I had to implement one hot encoding for a factor column today.
I'm not sending this to lm
(which would directly accept the factor column) but rather creating a "truth table" for QCA. Anyway, it was much harder than I expected, so I wonder if people could check my approach and recommend a better approach? I looked at the tidymodels
and recipes
approach discussed on r-bloggers but that seemed too heavyweight for a relatively simple need.
I was inspired by this stackexchange thread (see last answer)
library(tidyverse)
tribble(~student_id, ~subject,
1, "Maths",
2, "Science",
3, "English",
4, NA_character_) %>%
pivot_wider(names_from = subject,
values_from = subject,
values_fill = list(subject = F),
values_fn = list(subject = is.character)) %>%
select(-`NA`)
#> # A tibble: 4 x 4
#> student_id Maths Science English
#> <dbl> <lgl> <lgl> <lgl>
#> 1 1 TRUE FALSE FALSE
#> 2 2 FALSE TRUE FALSE
#> 3 3 FALSE FALSE TRUE
#> 4 4 FALSE FALSE FALSE
Created on 2020-06-09 by the reprex package (v0.3.0)
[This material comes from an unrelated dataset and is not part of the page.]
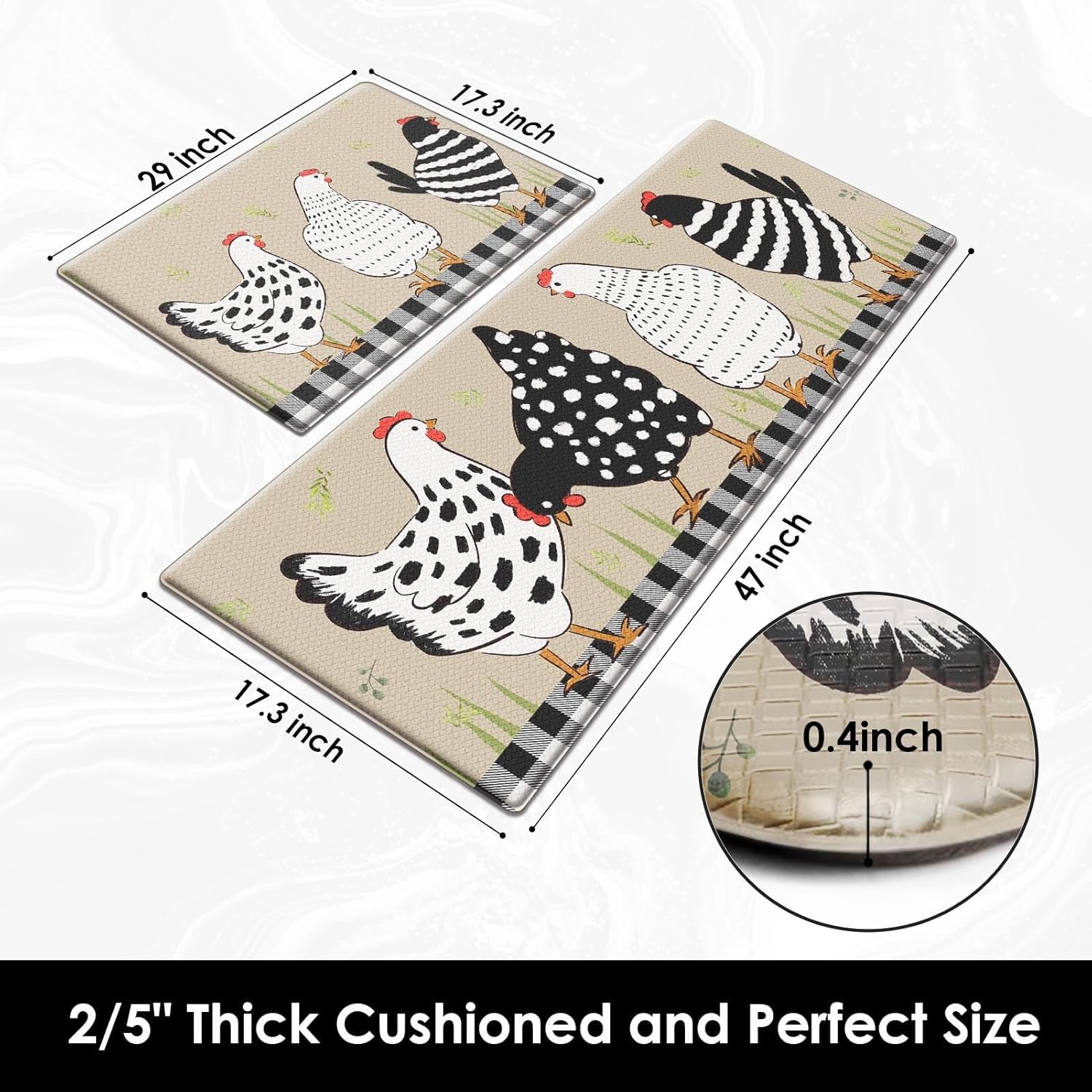 Anti-Fatigue Kitchen Rugs Set of 2 miraclefloor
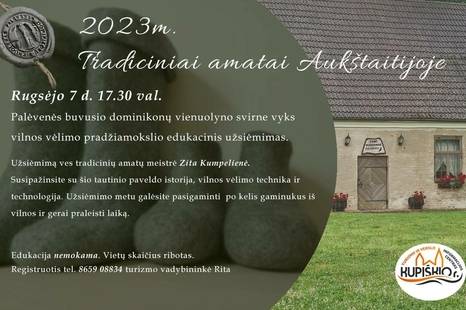 Vilnos vėlimo pradžiamokslio edukacinis užsiėmimas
It actually does work with repeated ids as well (below I change the second row of data from 2
to 1
and the output correctly has only three rows.
library(tidyverse)
tribble(~student_id, ~subject,
1, "Maths",
1, "Science",
3, "English",
4, NA_character_) %>%
pivot_wider(names_from = subject,
values_from = subject,
values_fill = list(subject = F),
values_fn = list(subject = is.character)) %>%
select(-`NA`)
#> # A tibble: 3 x 4
#> student_id Maths Science English
#> <dbl> <lgl> <lgl> <lgl>
#> 1 1 TRUE TRUE FALSE
#> 2 3 FALSE FALSE TRUE
#> 3 4 FALSE FALSE FALSE
Created on 2020-06-09 by the reprex package (v0.3.0)